━━━ Source material
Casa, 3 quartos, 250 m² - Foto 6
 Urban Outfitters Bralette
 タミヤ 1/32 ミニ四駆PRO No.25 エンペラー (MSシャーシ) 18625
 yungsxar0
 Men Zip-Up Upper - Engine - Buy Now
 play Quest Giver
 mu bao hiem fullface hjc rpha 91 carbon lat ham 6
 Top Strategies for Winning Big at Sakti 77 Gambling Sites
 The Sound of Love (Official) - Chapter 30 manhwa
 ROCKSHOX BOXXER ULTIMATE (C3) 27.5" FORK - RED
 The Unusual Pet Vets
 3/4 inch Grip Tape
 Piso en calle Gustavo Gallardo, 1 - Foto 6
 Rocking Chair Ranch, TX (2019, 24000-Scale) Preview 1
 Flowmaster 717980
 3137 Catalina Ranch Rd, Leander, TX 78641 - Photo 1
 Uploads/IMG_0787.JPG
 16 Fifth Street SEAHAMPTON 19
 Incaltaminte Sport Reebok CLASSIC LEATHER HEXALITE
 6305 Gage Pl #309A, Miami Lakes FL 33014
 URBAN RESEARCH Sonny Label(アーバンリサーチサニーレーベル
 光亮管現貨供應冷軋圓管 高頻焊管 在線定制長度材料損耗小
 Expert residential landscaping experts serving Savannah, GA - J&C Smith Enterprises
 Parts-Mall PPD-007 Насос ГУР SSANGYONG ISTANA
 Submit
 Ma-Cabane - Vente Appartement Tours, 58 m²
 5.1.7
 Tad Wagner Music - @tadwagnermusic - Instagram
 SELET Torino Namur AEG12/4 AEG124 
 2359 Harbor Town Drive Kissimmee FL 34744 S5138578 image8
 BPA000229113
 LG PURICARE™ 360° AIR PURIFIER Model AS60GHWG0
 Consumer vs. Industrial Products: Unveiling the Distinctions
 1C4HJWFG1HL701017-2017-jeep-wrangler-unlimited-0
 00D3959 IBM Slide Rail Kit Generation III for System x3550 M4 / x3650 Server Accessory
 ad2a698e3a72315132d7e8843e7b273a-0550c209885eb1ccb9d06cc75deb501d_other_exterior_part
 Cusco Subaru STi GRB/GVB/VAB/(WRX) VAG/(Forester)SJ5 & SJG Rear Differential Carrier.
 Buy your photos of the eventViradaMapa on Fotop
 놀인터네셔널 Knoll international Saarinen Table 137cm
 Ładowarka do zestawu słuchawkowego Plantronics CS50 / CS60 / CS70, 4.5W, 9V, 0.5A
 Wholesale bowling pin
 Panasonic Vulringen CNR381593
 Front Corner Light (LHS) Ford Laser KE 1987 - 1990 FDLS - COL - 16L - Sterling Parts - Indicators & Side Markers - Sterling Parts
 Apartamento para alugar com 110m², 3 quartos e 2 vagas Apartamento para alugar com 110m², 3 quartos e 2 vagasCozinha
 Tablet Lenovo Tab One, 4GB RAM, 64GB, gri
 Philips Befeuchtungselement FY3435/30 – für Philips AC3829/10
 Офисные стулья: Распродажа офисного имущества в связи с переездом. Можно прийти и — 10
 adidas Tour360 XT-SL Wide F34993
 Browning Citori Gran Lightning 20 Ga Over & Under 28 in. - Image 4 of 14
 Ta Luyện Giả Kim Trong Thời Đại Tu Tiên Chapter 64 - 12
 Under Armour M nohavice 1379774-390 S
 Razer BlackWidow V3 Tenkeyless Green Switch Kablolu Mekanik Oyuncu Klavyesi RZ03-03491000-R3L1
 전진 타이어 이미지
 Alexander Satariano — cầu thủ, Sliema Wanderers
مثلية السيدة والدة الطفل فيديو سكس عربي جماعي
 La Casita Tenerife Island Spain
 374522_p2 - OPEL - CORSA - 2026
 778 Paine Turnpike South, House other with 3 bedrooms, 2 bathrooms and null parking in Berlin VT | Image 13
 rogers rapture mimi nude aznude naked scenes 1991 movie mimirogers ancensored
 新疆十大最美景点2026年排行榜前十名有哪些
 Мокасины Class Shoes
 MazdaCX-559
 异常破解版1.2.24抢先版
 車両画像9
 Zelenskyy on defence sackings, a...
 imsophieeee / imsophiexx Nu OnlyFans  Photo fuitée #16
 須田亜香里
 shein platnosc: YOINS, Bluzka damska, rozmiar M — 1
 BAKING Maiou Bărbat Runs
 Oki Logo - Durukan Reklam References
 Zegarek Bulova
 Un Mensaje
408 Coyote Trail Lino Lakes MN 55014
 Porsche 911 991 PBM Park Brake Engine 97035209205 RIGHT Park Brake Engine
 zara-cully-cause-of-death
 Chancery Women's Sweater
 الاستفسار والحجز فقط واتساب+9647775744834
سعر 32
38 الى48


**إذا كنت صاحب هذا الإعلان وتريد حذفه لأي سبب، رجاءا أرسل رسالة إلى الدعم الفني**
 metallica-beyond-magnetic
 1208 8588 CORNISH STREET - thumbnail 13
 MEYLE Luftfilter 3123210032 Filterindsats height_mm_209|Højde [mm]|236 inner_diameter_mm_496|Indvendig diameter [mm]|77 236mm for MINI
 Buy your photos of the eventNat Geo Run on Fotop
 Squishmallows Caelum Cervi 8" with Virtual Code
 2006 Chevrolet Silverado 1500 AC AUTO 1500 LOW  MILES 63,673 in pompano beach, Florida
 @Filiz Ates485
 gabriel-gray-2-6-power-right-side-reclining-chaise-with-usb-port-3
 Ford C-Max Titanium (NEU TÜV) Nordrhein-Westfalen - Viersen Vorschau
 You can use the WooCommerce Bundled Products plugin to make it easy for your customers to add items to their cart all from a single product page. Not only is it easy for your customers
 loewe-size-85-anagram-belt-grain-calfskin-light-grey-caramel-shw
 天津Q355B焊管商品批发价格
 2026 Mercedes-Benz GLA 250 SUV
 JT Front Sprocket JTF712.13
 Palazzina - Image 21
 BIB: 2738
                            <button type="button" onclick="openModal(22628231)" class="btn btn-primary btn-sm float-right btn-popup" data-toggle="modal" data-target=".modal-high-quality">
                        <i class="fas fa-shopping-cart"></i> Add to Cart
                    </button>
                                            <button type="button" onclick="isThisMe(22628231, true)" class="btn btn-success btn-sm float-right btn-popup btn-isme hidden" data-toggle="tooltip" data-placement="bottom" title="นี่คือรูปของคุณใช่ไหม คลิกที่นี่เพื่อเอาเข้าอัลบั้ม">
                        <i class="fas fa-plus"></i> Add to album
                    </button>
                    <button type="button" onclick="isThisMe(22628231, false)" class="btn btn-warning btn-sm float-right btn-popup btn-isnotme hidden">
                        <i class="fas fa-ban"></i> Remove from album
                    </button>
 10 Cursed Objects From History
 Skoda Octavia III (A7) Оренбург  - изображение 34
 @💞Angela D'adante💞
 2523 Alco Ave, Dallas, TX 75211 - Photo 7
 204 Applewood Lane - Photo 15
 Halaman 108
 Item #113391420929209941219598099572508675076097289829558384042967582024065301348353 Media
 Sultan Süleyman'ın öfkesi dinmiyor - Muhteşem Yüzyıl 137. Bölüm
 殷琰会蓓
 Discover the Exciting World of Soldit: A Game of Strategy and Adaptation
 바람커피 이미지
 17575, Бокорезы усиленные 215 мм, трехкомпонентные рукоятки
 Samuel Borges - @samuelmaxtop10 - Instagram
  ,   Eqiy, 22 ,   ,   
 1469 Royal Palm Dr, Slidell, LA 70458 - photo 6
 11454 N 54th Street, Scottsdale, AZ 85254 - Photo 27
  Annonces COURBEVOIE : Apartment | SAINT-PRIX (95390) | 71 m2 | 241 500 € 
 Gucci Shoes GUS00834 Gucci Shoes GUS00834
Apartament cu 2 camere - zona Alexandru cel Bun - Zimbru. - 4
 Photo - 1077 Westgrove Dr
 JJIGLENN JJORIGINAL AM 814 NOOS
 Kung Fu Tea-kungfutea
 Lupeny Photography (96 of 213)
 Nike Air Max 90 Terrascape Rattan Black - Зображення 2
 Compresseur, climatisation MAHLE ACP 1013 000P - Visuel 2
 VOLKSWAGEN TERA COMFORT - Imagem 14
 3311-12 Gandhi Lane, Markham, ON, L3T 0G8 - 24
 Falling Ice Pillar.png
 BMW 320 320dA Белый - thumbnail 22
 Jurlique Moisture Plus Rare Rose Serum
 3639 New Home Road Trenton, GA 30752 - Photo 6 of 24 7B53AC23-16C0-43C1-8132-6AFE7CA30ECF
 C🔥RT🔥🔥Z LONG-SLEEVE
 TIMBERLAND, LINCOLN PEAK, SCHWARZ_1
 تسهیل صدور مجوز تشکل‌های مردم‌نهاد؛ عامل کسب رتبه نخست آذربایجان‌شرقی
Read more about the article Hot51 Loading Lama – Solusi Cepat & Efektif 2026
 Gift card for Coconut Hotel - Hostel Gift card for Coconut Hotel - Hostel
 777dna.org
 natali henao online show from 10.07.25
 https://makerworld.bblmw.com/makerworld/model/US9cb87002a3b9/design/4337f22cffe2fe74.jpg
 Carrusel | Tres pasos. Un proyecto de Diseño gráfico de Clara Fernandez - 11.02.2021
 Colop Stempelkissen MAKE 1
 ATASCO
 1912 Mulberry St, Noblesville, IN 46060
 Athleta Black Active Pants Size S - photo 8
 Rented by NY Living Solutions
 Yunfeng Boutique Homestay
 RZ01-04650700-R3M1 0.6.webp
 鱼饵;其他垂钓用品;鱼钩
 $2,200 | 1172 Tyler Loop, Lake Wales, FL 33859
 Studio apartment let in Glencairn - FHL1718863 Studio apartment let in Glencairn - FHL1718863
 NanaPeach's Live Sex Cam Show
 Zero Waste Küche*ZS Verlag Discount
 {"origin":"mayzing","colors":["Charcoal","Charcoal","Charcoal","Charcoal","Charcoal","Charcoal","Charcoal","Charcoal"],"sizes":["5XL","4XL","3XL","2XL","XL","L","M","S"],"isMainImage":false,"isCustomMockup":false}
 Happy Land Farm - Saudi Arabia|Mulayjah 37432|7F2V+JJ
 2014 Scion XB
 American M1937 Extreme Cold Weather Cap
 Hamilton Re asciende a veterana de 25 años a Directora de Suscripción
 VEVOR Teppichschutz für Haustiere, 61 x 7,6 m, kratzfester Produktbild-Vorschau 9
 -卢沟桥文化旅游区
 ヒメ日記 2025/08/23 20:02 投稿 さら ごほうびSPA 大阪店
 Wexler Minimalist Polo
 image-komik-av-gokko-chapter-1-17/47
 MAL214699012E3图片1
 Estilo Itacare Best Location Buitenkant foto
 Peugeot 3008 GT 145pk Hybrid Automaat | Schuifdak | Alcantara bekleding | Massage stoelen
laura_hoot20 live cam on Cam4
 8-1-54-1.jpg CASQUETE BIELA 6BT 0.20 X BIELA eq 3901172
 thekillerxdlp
━━━━━━
All that should be written out is the stretch of lines above between the one holding "MazdaCX-559" and the one holding "Squishmallows Caelum Cervi", inclusive, exactly as given.

 MazdaCX-559
 异常破解版1.2.24抢先版
 車両画像9
 Zelenskyy on defence sackings, a...
 imsophieeee / imsophiexx Nu OnlyFans  Photo fuitée #16
 須田亜香里
 shein platnosc: YOINS, Bluzka damska, rozmiar M — 1
 BAKING Maiou Bărbat Runs
 Oki Logo - Durukan Reklam References
 Zegarek Bulova
 Un Mensaje
408 Coyote Trail Lino Lakes MN 55014
 Porsche 911 991 PBM Park Brake Engine 97035209205 RIGHT Park Brake Engine
 zara-cully-cause-of-death
 Chancery Women's Sweater
 الاستفسار والحجز فقط واتساب+9647775744834
سعر 32
38 الى48


**إذا كنت صاحب هذا الإعلان وتريد حذفه لأي سبب، رجاءا أرسل رسالة إلى الدعم الفني**
 metallica-beyond-magnetic
 1208 8588 CORNISH STREET - thumbnail 13
 MEYLE Luftfilter 3123210032 Filterindsats height_mm_209|Højde [mm]|236 inner_diameter_mm_496|Indvendig diameter [mm]|77 236mm for MINI
 Buy your photos of the eventNat Geo Run on Fotop
 Squishmallows Caelum Cervi 8" with Virtual Code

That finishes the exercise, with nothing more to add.